As a second validation, we used Nimbus to generate per-cell scores for a different MIBI dataset consisting of breast cancer precursor lesions, which we then fed into the same clustering pipeline as above (Fig. 5e). Following unsupervised clustering of Nimbus predictions (Fig. 5e), we successfully identified the major cell lineages in the image, such as lymphoid cells positive for CD45, and endothelial cells positive for CD31. We also identified granular cell populations such as KRT7+ KRT15+ KRT81+ epithelial cells, CD206+ CD209+ myeloid cells, and KRT14+ SMA+ myoepithelial cells. Across the two datasets, we were able to combine Nimbus with unsupervised clustering to assign 94.66% of the cells to a specific cluster, with only 5.34% of unassigned cells, highlighting the utility of this approach for unsupervised cell population identification.
Discussion
Robust cell type assignment in spatial data has remained a significant bottleneck in image analysis pipelines. The customization that goes into constructing antibody panels across distinct studies means there is substantial variation in the markers used to define cell types. This prevents the creation of pretrained deep learning models that can generalize beyond the markers they were trained on. Here, we addressed this problem by predicting positivity on a per marker basis, rather than directly predicting cell type. We constructed the Pan-M dataset, containing more than 197 million annotations across 15 million cells. We used Pan-M to train Nimbus, a deep learning model to predict marker positivity one channel at a time. Nimbus can accurately predict marker positivity across the four tissues, three imaging platforms, 10 cell lineages, and 56 markers in Pan-M. These predictions can be leveraged in traditional clustering algorithms to easily identify cell types.
Despite the wealth of spatial information contained within imaging data, nearly all previously developed algorithms to cluster cells in image data operate on the extracted counts per cell, not the actual images.
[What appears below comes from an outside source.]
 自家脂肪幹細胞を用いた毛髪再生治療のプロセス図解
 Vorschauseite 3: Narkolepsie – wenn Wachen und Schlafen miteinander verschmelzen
This is in contrast to how experts evaluate the accuracy of clustering, where visual inspection of the underlying images is crucial in order to assign cells to the correct lineage. By training Nimbus directly on a diversity of multiplexed images, we have created an algorithm that much more closely mirrors the workflow of a human expert, but with the scalability inherent to a fully automated deep learning solution.
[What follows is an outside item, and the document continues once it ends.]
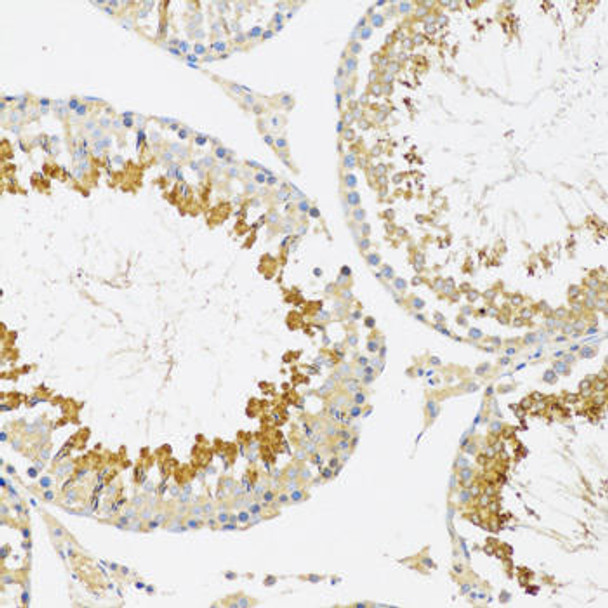 Anti-SRPK1 Antibody (CAB12510)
Although pretrained deep learning models are now available for a wide range of biological image analysis tasks, prior to this work there were none for cell classification. This was not because of an inherent technical barrier, but rather because of how the problem had been posed. Training a model to directly predict cell types based off combinations of markers means that the model must learn which markers are associated with cell types; as a result, study-to-study variation in which markers are used to identify specific cell populations, and which cell populations are being profiled, would necessitate the development of new models. For example, CellSighter27 is a recently published deep learning algorithm for cell type prediction, and is one of the only other approaches for cell classification in image data that operates directly at the image level. However, the model must be retrained for each dataset it is applied to. MAPS21, another recently published deep learning algorithm for cell classification, likewise must be retrained on each new dataset. Custom models have the potential to generate classifications that precisely conform to the specifics of a given dataset, but the time and effort to accomplish such a task is significant.
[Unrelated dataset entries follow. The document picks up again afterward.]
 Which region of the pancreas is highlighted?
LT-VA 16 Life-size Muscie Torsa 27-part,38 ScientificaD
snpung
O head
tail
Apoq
Our insight was that clustering image data is more challenging than clustering other types of single cell data not because the cell types themselves are harder to distinguish, but rather because the integrated expression of counts in each cell is noisier due to the spatial nature of the data. As a result, by reframing the task from predicting cell types to predicting marker positivity, we developed a model which exclusively solves the image-specific challenges for cell assignment. Following marker positivity prediction, the single cell imaging data is no more challenging to work with than any other type of data. This means that following single-marker predictions with Nimbus, the data can be clustered using a non-spatial clustering algorithm, taking advantage of the infrastructure that has been developed for other modalities of single-cell data.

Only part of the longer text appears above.